Пушкин, пожалуй, первым стал рассуждать о Ломоносове в духе ХХ века - высоко оценивал его как химика и физика, восхищался ломоносовской страстью к Просвещению, но за поэта его не признавал. «В Ломоносове нет ни чувства, ни воображения. Оды его, писанные по образцу тогдашних немецких стихотворцев, давно уже забытых в самой Германии, утомительны и надуты. Его влияние на словесность было вредное и до сих пор в ней отзывается. Высокопарность, изысканность, отвращение от простоты и точности, отсутствие всякой народности и оригинальности — вот следы, оставленные Ломоносовым. Ломоносов сам не дорожил своею поэзиею, и гораздо более заботился о своих химических опытах, нежели о должностных одах на высокоторжественный день тезоименитства и проч.», - эта строгая оценка прозвучала в эссе «Путешествие из Москвы в Петербург». Бывало, Пушкин комплиментарнее рассуждал о ломоносовском слоге, но стихов его не любил.
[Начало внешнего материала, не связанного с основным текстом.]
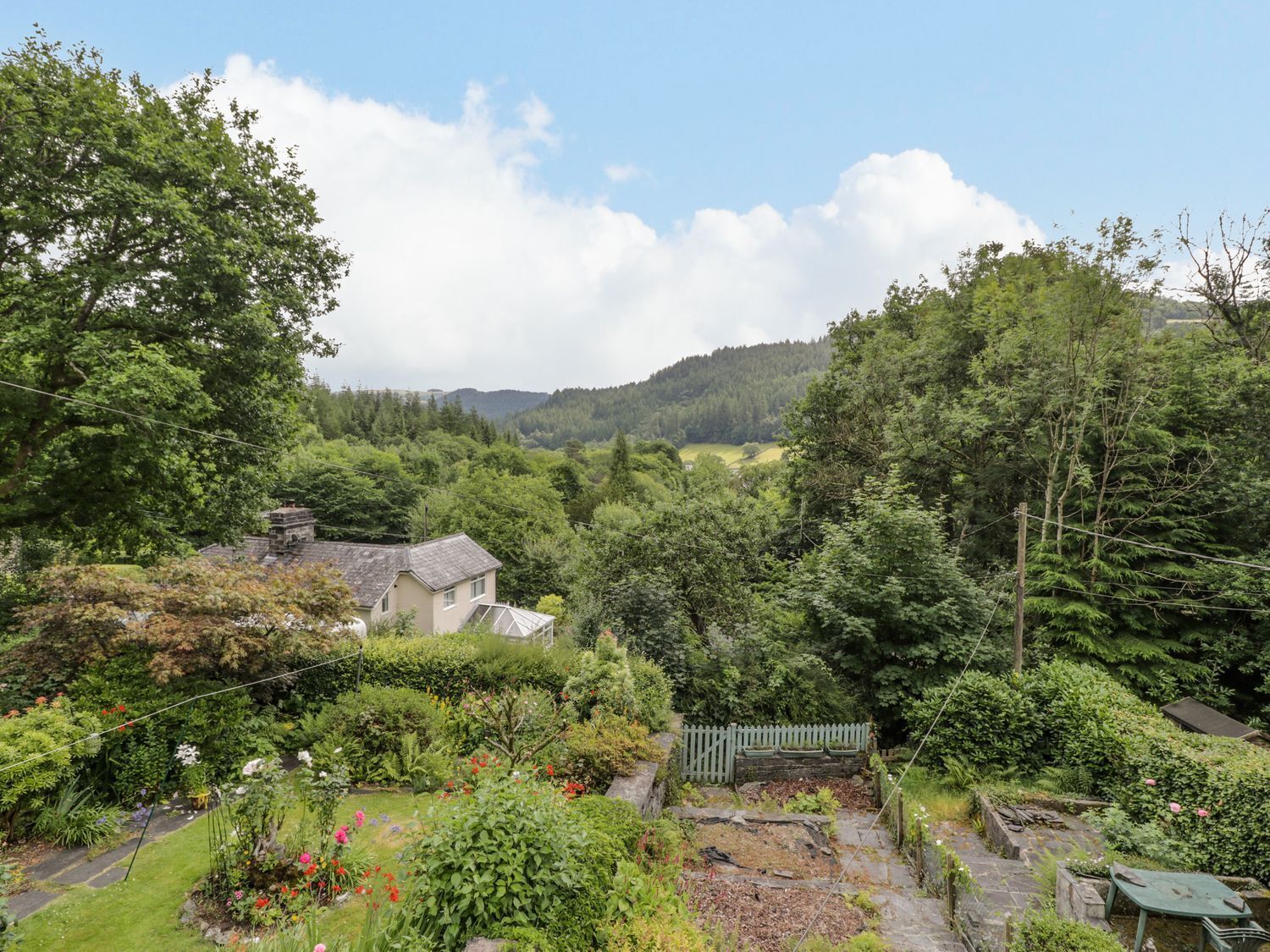 Ländliche Landschaft mit einem Haus, umgeben von üppiger Vegetation und Hügeln im Hintergrund.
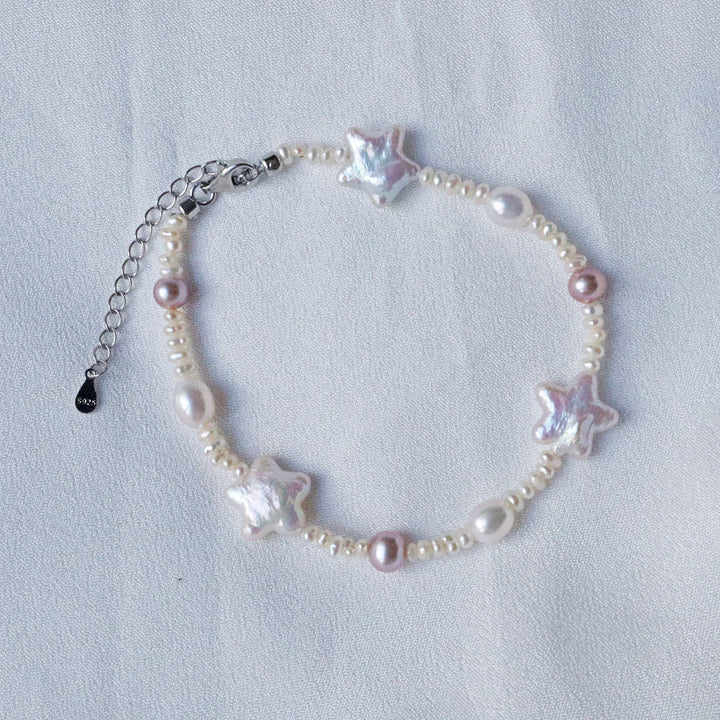 Pearlpals Pearl Bracelet, meticulously crafted from a combination of white pearls, purple pearls, star-shaped baroque pearls, and flat pearls, all fashioned from sterling silver.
Возможно, это мнение укрепилось в полемике с «литературными староверами», для которых оды Михайло Васильевича оставались образцовыми.

Зато Пушкина восхищали горделивые слова из письма Ломоносова Шувалову: "Не токмо у стола знатных господ или у каких земных владетелей дураком быть не хочу, но ниже у самого Господа Бога, который мне дал смысл, пока разве отнимет". Ломоносов вообще умел разводить дипломатию только в общении с монархами.

В наше время никто не считает Ломоносова вершиной русской поэзии. И мы можем без снобизма и без полемического запала перебирать его стихи. Находки неизбежны. Это стихи крупного человека и не графомана, а своеобразного мастера. Масштаб личности притягивает, эта ощутимая сила придает одам Ломоносова дополнительное обаяние. Он убежден в правоте каждого своего тезиса - и трудно не залюбоваться этой убежденностью титана. Только поэзия способна сохранить личность в монументальных подробностях. Наверное, именно поэтому сегодня мы отмечаем день рождения не только великого просветителя, но и поэта.